7.21 Some petitions requested other types of assistance. Silk manufacturer Ephraim Cooper believed that silkworms and the mulberry trees needed to feed them would thrive in the United States and could greatly aid the poor balance of trade with Britain and the West Indies. In 1820 Cooper requested a $25,000 grant from the Government to support his efforts. Cooper even sent along some samples of silk thread he had manufactured (16A-G10.2).

7.22 The records also include a few petitions that deal with the issue of slavery. An 1820 petition from the city of Philadelphia argue against the spread of slavery into the State of Missouri (16A-G10.2). In 1828, numerous petitions called upon the Government to provide a site on the coast of Africa for blacks wishing to emigrate (20A-G10.2). In 1841, the American Free Produce Association requested that the duty on imported cotton be removed so that people in the United States could purchase foreign cotton instead of cotton produced by slaves (27A-G11.4). The only proposed constitutional amendment among the petitions is also related to the issue of slavery. Referred to the committee in February 1844, this petition from Trumball County, OH, calls for apportionment of representatives counting free inhabitants only, or, as an alternative, counting animals in free States the same as slaves in slave States (28A-G11.2).

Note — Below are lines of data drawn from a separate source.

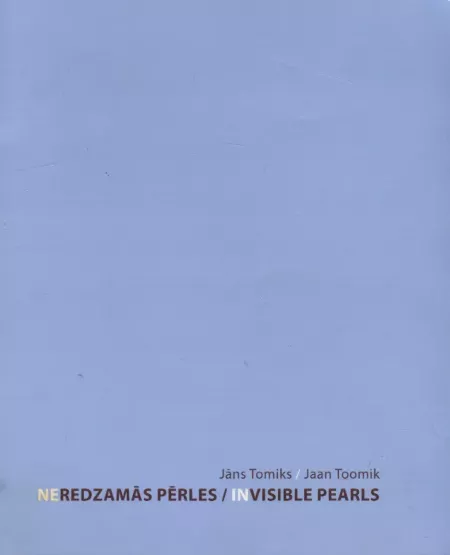 Neredzamās pērles. Invisible pearls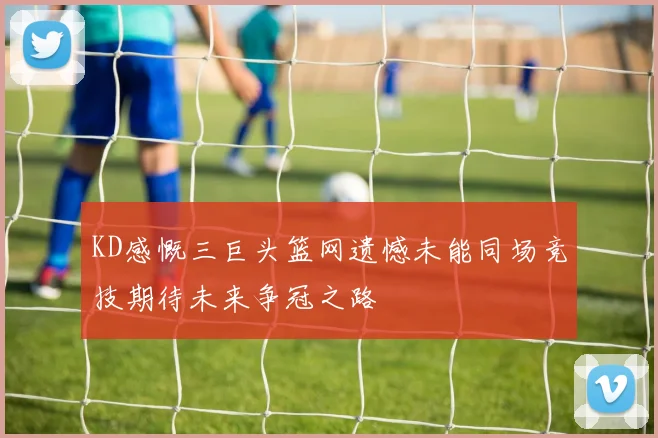 KD感慨三巨头篮网遗憾未能同场竞技期待未来争冠之路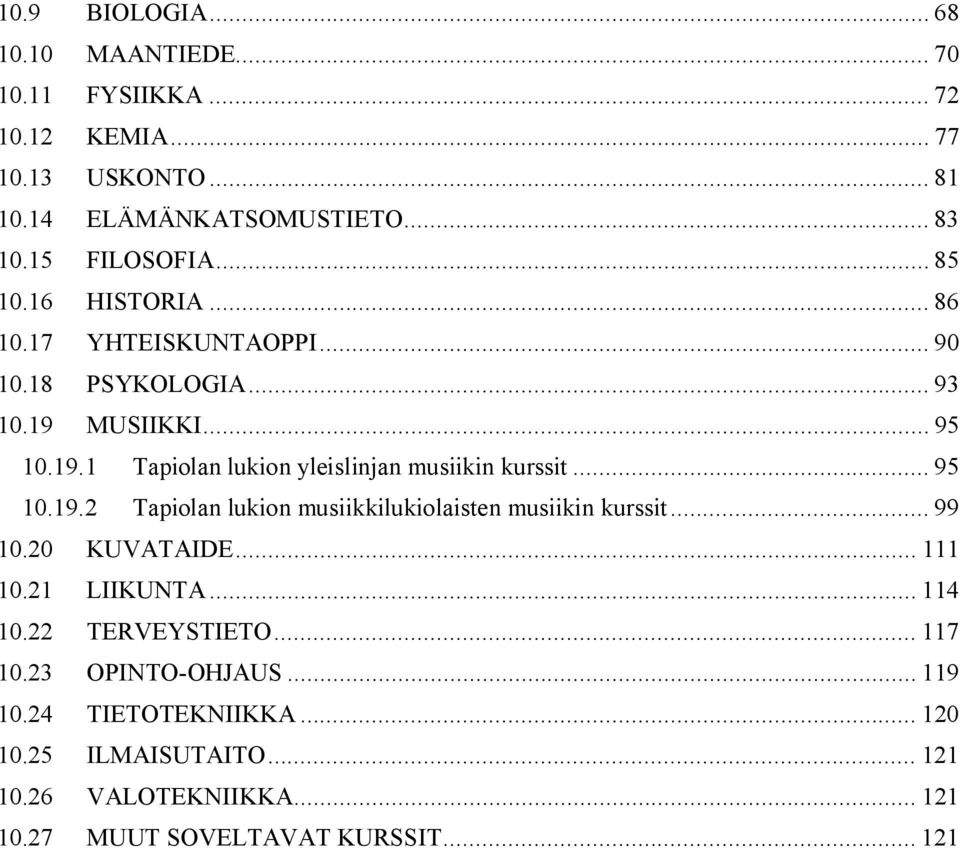 .. 95 10.19.2 Tapiolan lukion musiikkilukiolaisten musiikin kurssit... 99 10.20 KUVATAIDE... 111 10.21 LIIKUNTA... 114 10.22 TERVEYSTIETO... 117 10.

7.23 Few petitions are among the committee's records for the years 1853-1911. From 1877 to 1881, petitions in support of legislation to prohibit the adulteration of food and drink, came from the Chicago Board of Trade, the Produce Exchange of New York, and similar groups in Georgia, Missouri, Pennsylvania, and several other States. The Committee also received petitions concerning the creation of a Federal Department of Manufactures (46A-H13.2) and the regulation of the production and sale of oleomargarine (46A-H13.3). Petitioners during the 50th Congress (1887-1889) sought legislation forbidding the formation of pools, trusts, and combinations.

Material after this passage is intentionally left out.